[<prev] [next>] [<thread-prev] [thread-next>] [day] [month] [year] [list]
Message-ID: <CAN-5tyEjYRFrJ7Gc4S8KwAZUuF-uz6ovPa4-_ynt+GGVqJHN_A@mail.gmail.com>
Date: Fri, 19 Dec 2025 10:58:51 -0500
From: Olga Kornievskaia <aglo@...ch.edu>
To: Jeff Layton <jlayton@...nel.org>
Cc: Alexander Viro <viro@...iv.linux.org.uk>, Christian Brauner <brauner@...nel.org>, Jan Kara <jack@...e.cz>,
Steven Rostedt <rostedt@...dmis.org>, Masami Hiramatsu <mhiramat@...nel.org>,
Mathieu Desnoyers <mathieu.desnoyers@...icios.com>, Chuck Lever <chuck.lever@...cle.com>,
NeilBrown <neil@...wn.name>, Olga Kornievskaia <okorniev@...hat.com>, Dai Ngo <Dai.Ngo@...cle.com>,
Tom Talpey <tom@...pey.com>, Trond Myklebust <trondmy@...merspace.com>,
Anna Schumaker <anna@...nel.org>, linux-fsdevel@...r.kernel.org,
linux-kernel@...r.kernel.org, linux-trace-kernel@...r.kernel.org,
linux-nfs@...r.kernel.org
Subject: Re: [PATCH v4 8/8] nfsd: freeze c/mtime updates with outstanding
WRITE_ATTRS delegation
Hi Jeff,
I narrowed down the upstream failure for generic/215 and generic/407
to this commit.
Let's consider first where the kernel is compiled with delegated
attributes off (but it also fails just the same if the delegated
attributes are compiled in).
I don't understand why the code unconditionally changed to call
nfsd4_finalize_deleg_timestamps() which I think the main driver behind
the failure.
Running generic/407 there is an OPEN (which gives out a write
delegation) and returns a change id, then on this filehandle there is
a SETATTR (with a getattr) which returns a new changeid. Then there is
a CLONE where the filehandle is the destination filehandle on which
there is a getattr which returns unchanged changeid/modify time (bad).

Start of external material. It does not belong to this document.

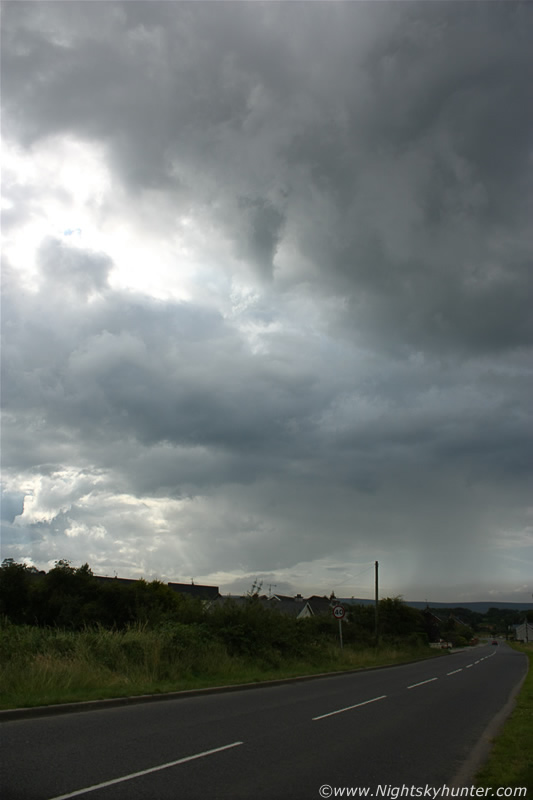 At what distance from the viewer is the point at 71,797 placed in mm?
6137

Then there is a DELEGRETURN (with a getattr) which again returns same
change id. Test fails.
Prior to this commit. The changeid/modify time is different in CLONE
and DELEGRETURN -- test passes.
Now let me describe what happens with delegated attributes enabled.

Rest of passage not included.